マンション等の高層建築物が建設されると、電波がビルに遮られテレビが受信できないエリアが発生します。そのため建物を建設する際には電波障害が起こっていないかを検査し、発生している場合には電波障害対策施設を設置して周辺住宅にもテレビが映るようにしていました。
特にテレビがアナログ放送だった時には電波障害は起こりやすく、多くのマンションで電波障害対策が行われていました。
電波障害対策として良く行われていた方法は、マンションの屋上に電波障害の発生する住宅用のアンテナを設置し、有線で各家庭まで電波を送るという方法でした。
アナログからデジタルにテレビ放送が変わり、電波障害の発生が少なくなった現在でも、その設備が残っているマンションもあります。
2001年に放送法が改正され、テレビのアナログ放送を2011年7月24日までに終えることが決定した頃から、新築マンションを建設する際に電波障害対策をどのようにするかが、マンションデベロッパーの間でも議論されるようになります。共聴アンテナ設備を設置した場合、アナログ放送の対応を行ってからその後にデジタル放送への切り替えを行わなければなりません。そのため作業が煩雑になり、マンション管理組合にも迷惑をかける可能性が出てきました。
こうした事情から、2000年代前半から電波障害対策はケーブルテレビを使うことが増えました。ケーブルテレビならデジタル化に関係なく、電波障害対策ができるうえに切り替えなどの手間もかからないからです。ケーブルテレビ会社に20年分の費用を払えば、あとはデジタル化の対応など全てケーブルテレビ会社が行ってくれるからです。

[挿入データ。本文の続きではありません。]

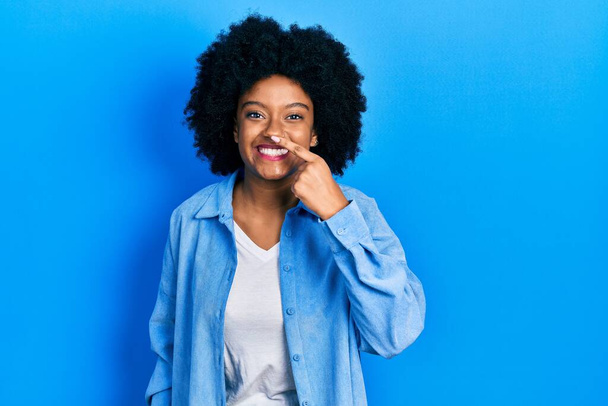 Молодая африканская американка в повседневной одежде, указывая пальцем на лицо и нос, весело улыбается. концепция красоты  - Фото, изображение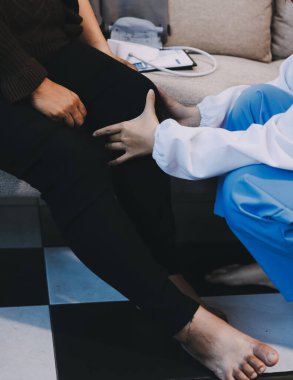 Genç doktor kıdemli hastanın bacağını muayene ediyor.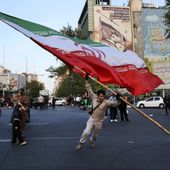 Demonstrators wave a huge Iranian flag in their anti-Israeli gathering in front of an anti-Israeli banner on the wall of a building at the Felestin (Palestine) Square in Tehran, Iran, Monday, April 15, 2024. World leaders are urging Israel not to retaliate after Iran launched an attack involving hundreds of drones, ballistic missiles and cruise missiles. The sign on the banner reads in Hebrew: &quot;Your next mistake will be the end of your fake country.&quot; And the sign in Farsi reads: &quot;The next slap will be harder.&quot; (AP Photo/Vahid Salemi) **FILE**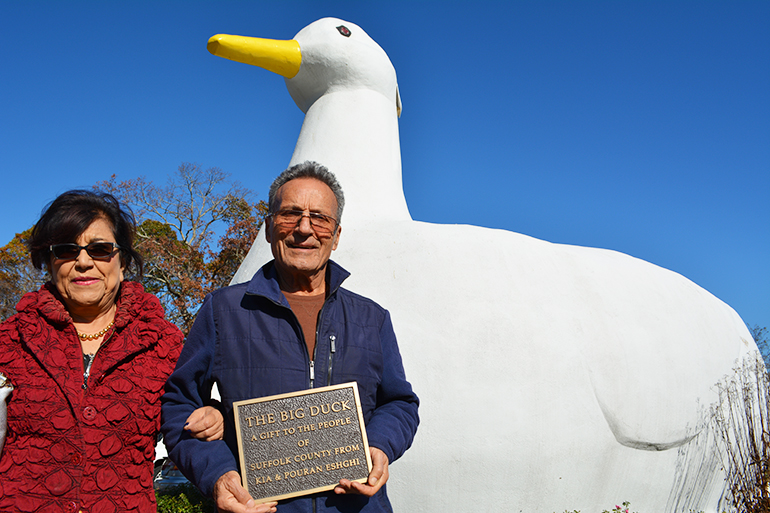 Pouran and Kia Eshghi holding the plaque honoring their gift of The Big Duck to Suffolk County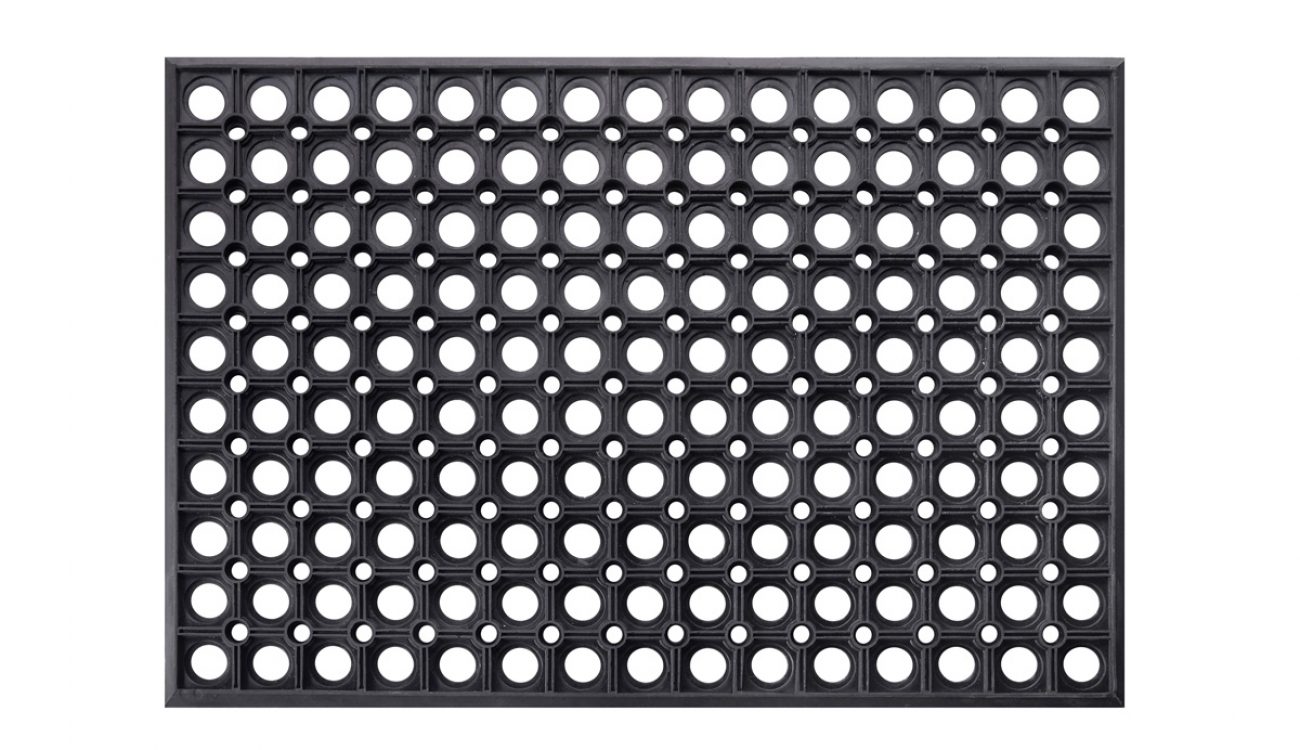 A black rubber anti-fatigue mat against a white background in Asheville.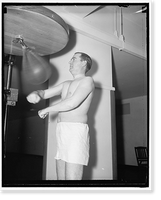 Rep. Albert Thomas of Tex. punching the bag at the House gym, Antique Poster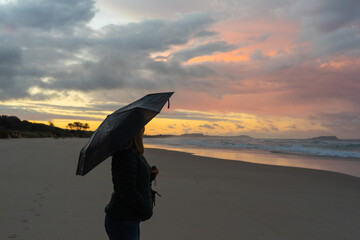 person with umbrella on the beach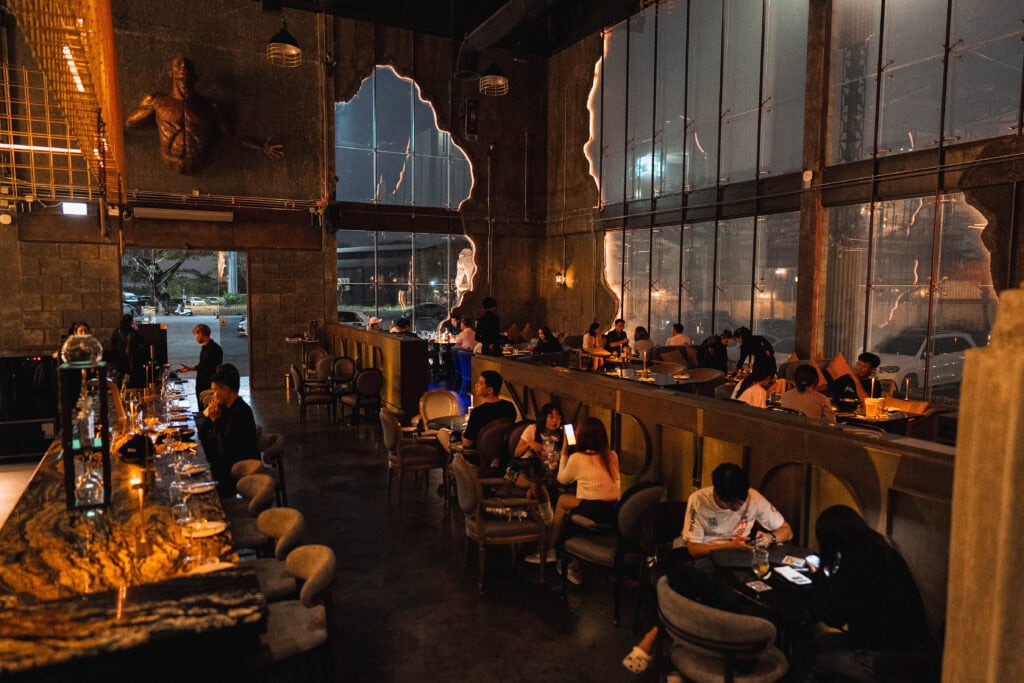 บรรยากาศภายในคาเฟ่รามอินทราช่วงเย็น ลูกค้านั่งทานอาหาร พูดคุย และทำงานในพื้นที่เพดานสูง กระจกบานใหญ่ และแสงไฟอุ่นของ Davin Cafe ที่เหมาะทั้งนัดพบและดินเนอร์ยามค่ำคืน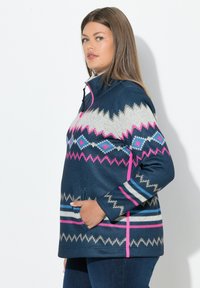 Eine Frau trägt einen marineblauen Reißverschluss-Pullover mit geometrischen Mustern in Pink, Blau, Weiß und Beige und steht vor einem weißen Hintergrund, die Hand in der Tasche.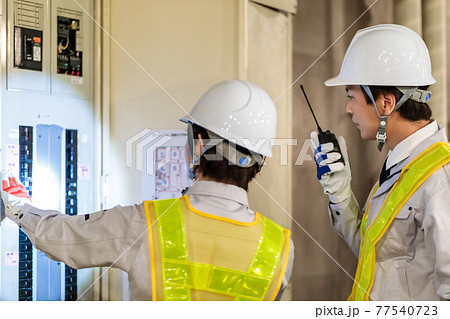 建設現場で配電盤を点検する作業員 77540723
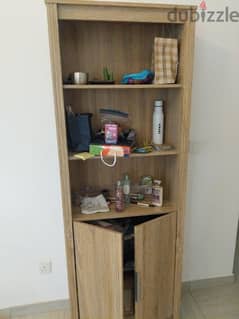 book shelf with cupboard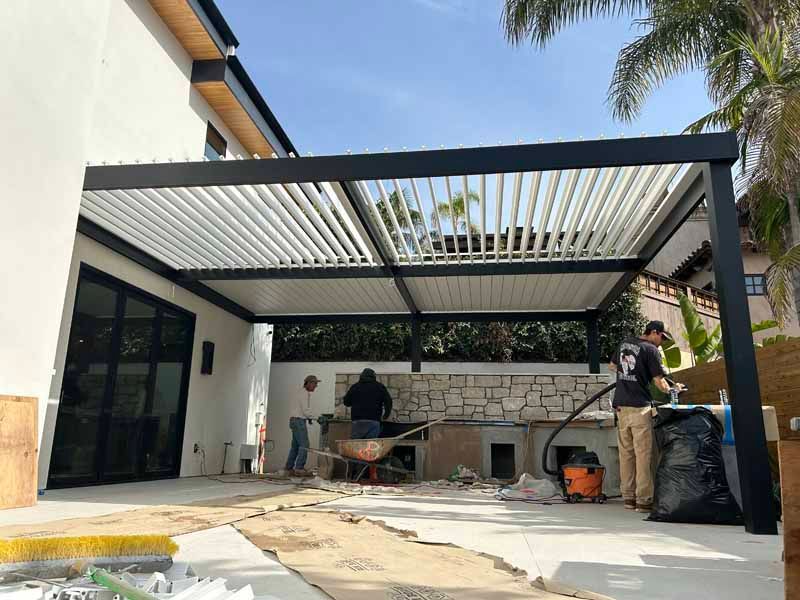 Covered patio with two people building a grill area beside a white house
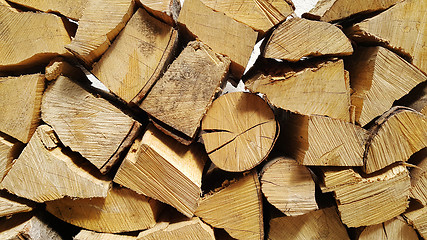 Image showing Firewood pile stacked chopped wood trunks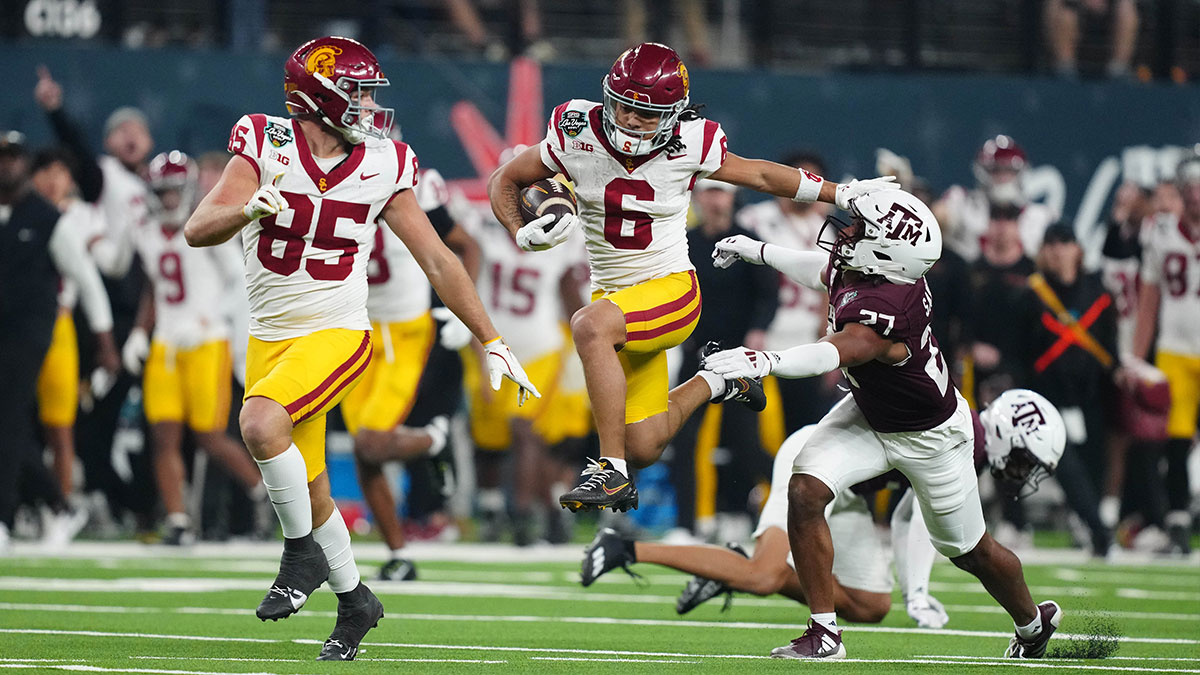Southern California Trojans wide receiver Makai Lemon (6) carries the ball against Texas A&M Aggies linebacker Daymion Sanford (27) in the second half at Allegiant Stadium.
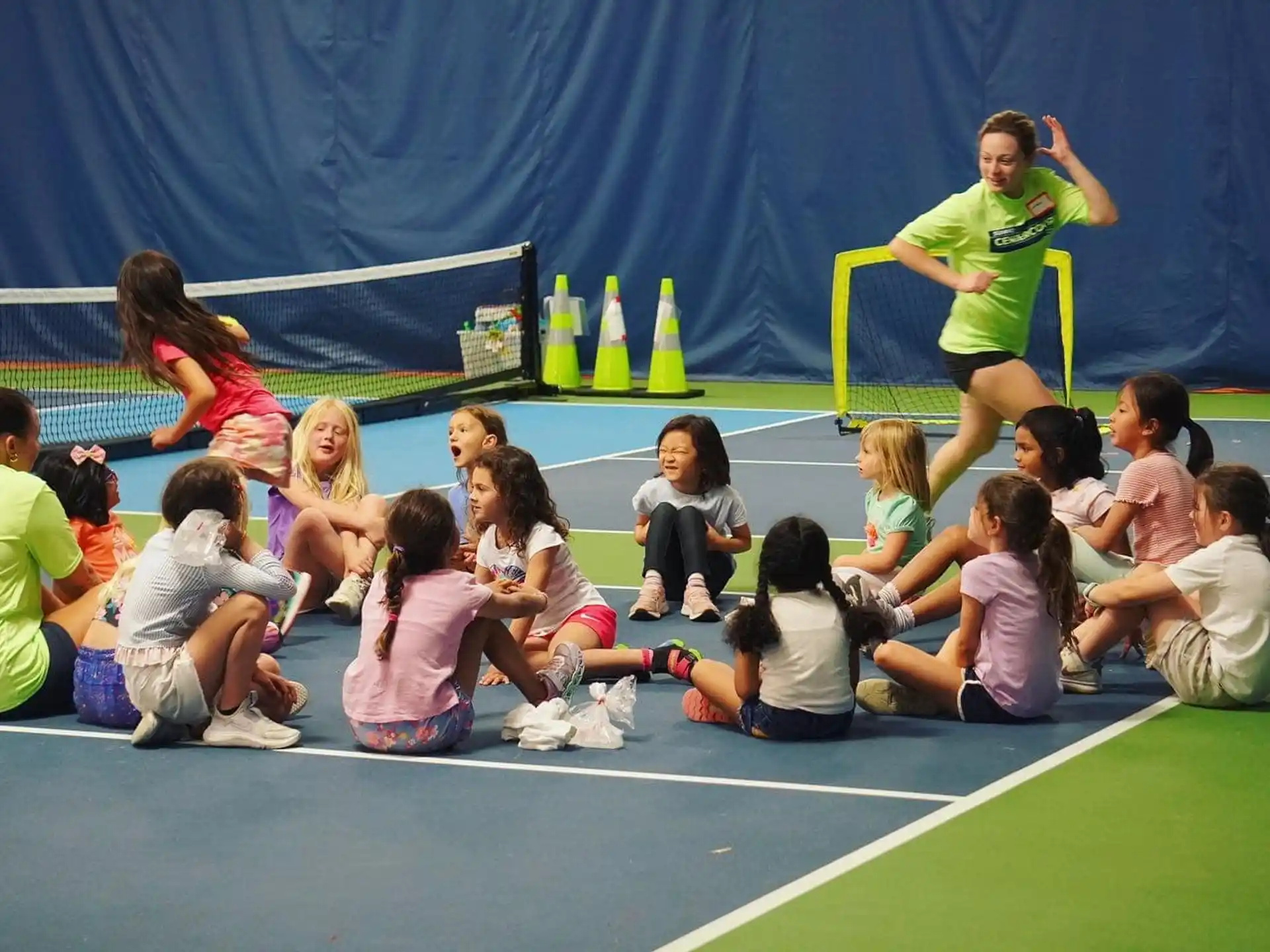 a group of people sitting on the ground
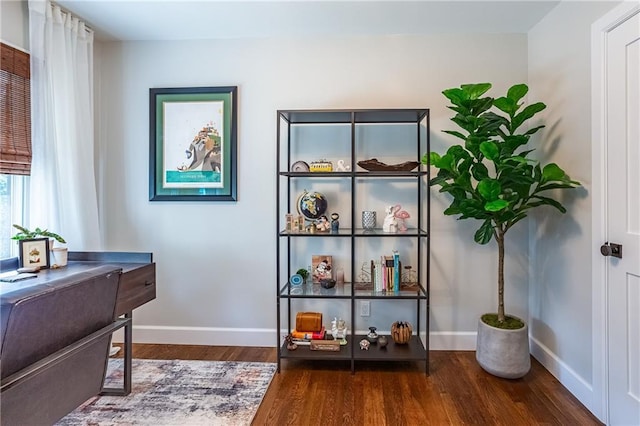 living area featuring baseboards and wood finished floors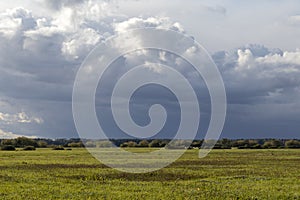 Countryside fall landscape with blue sky, puffy white clouds and autumn colors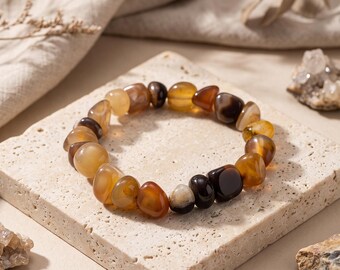 May include: A stretch bracelet composed of polished, irregular tumbled gemstone beads in various shades of amber, brown, tan, and translucent cream. The beads are smooth and rounded, featuring natural colour variations and banding patterns throughout the circular arrangement.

最近発生している問題は、このケーブルテレビの20年という契約期間が切れたことに発生しています。ケーブルテレビによる対策は、90年代はさほど多くありませんでした。20年分の受信料を前払いするというのが事業主にとって負担が大きかったので、共聴アンテナ施設で対策していたからです。しかし前記のように2001年以降は、ケーブルテレビによる対策が急速に増えていきました。
2001年に竣工したマンションの電波障害対策は、今年で20年になります。これまでテレビを見ていた人のところにケーブルテレビ会社の人が突然現れて、もうすぐ契約が切れるので契約を更新しませんか?と営業に訪れるのです。20年前のことを覚えていない人も多く、なんでテレビを見るのに今後はお金がかかるのかと驚いてしまいます。そしてマンション建設が原因でテレビが見られなくなったのだから、マンション側が払うように言いに来る人がいます。こうしてマンションの管理人さんのところに、近隣からの文句が集まるというケースが出ているようです。
また共聴アンテナ設備を残している場合、使っていない電波障害対策施設が老朽化してトラブルになることもあります。戸建に設置している保安器とケーブルが老朽化して外れてしまい、庭先にケーブルが落ちている状態で、マンション管理組合には、それが自分たちの所有物だという認識がなく、戸建ての所有者からケーブルの撤去を求めらてトラブルになるケースもあるようです。使っている電波障害対策施設であればマンション管理組合も電気代などの項目に出てくることもあるので、自分たちの施設という認識があります。しかし使わないことを何代も前の理事会が決定し、引き継ぎも不十分なままの管理組合では自分たちの所有物という意識が希薄になっているのです。このように地デジ化によって電波障害は減りましたが、電波障害対策をめぐるトラブルは今でもちょこちょこ起こっています。
マンション管理組合は過去の契約書等を確認し、電波障害対策を行ったことがあるのか、または現在も行っているのか、その契約内容はどうなっているかを把握しておく必要があります。